CourtU.S. Court of Appeals — Eighth Circuit

Lanier & Lanier and E. M. Stern, all of Fargo, N. D., for appellants.

Conmy & Conmy, of Fargo, N. D., for appellee.

Before SANBORN, THOMAS and JOHNSEN, Circuit Judges.

THOMAS, Circuit Judge.

Edward J. Hanish, an employee of the Noel Construction Company, a road building contractor, brought suit, as plaintiff, in the district court against the Northern Pacific Railway Company for damages for personal injuries caused by the alleged negligence of the defendant. The State of North Dakota appears as a party plaintiff to protect its right of subrogation pursuant to the Workmen's Compensation Laws of that state. R.C.1943, 65-0101 et seq. At the conclusion of plaintiff's case the defendant moved the court to direct a verdict in its favor on two grounds, viz., (1) that the testimony showed that the negligence of the plaintiff Hanish was the sole cause of his injuries, and (2) that there was no proof of any negligence of the defendant.
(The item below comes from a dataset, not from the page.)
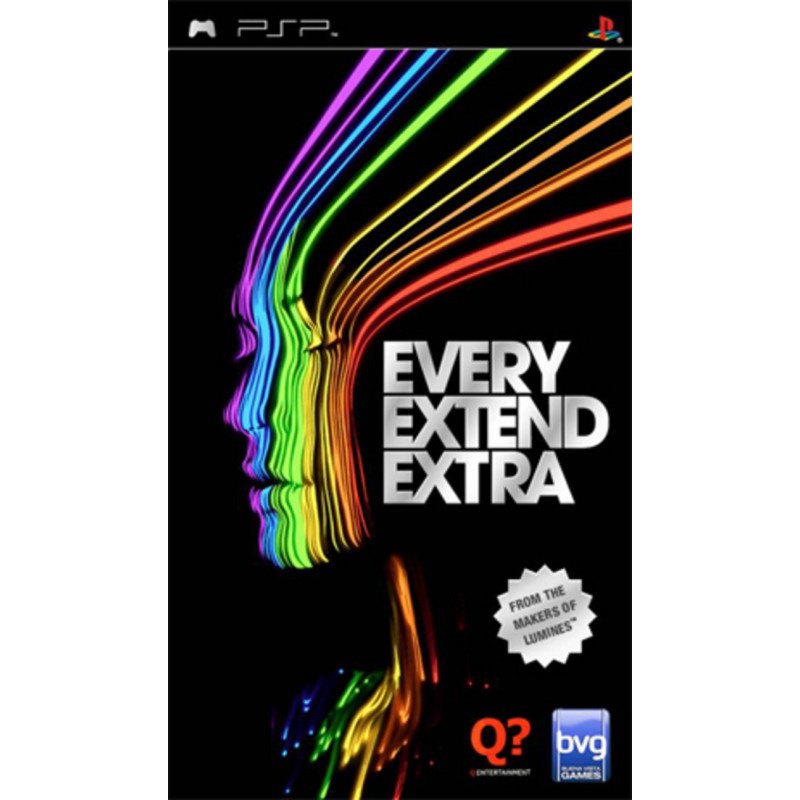 PSP Every Extend Extra Cib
The motion was sustained, judgment was entered dismissing the action on "the merits and with prejudice to the plaintiff", and this appeal followed.
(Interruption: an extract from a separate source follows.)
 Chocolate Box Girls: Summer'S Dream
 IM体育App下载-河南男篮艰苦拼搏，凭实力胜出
The accident in which plaintiff Hanish received the injuries for which he seeks damages occurred on September 4, 1947, about two miles west of the town of Sterling, North Dakota, where a highway running in a northwest-southeast direction crosses the east-west tracks of the defendant railway company. At that point there are two railroad tracks, the north one being the main line and the south being a passing track. Looking east from the crossing one can see an approaching train first as it comes round a curve at a distance of 1,200 feet.

On the date named Hanish was moving a dragline machine in a northwest direction across the tracks when a freight train approaching from the east struck the rear end of the machine and Hanish was injured.

The dragline machine operated by Hanish is a heavy machine used for excavating earth or gravel and removing the spoil and dumping it in piles or loading it on vehicles. It consists of a revolving body on a crawler base frame. The body includes a cab in which the power machinery and the operator are housed. A crane or boom approximately 30 or 35 feet in length to which a shovel is attached projects from the front of the cab. The top of the cab is about 10 feet above the ground, and the overall length of the machine is about 45 feet. When at work or moving along the highway the operator is seated on a pivoted seat in the cab within reach of the controlling levers. At his left and in the rear end are doors through which he can see and through which he can enter or depart. To see out of the rear door it is necessary for him to turn on the pivoted chair and take a step or two to the rear. The maximum speed of the machine when moving from one place to another is about two miles an hour.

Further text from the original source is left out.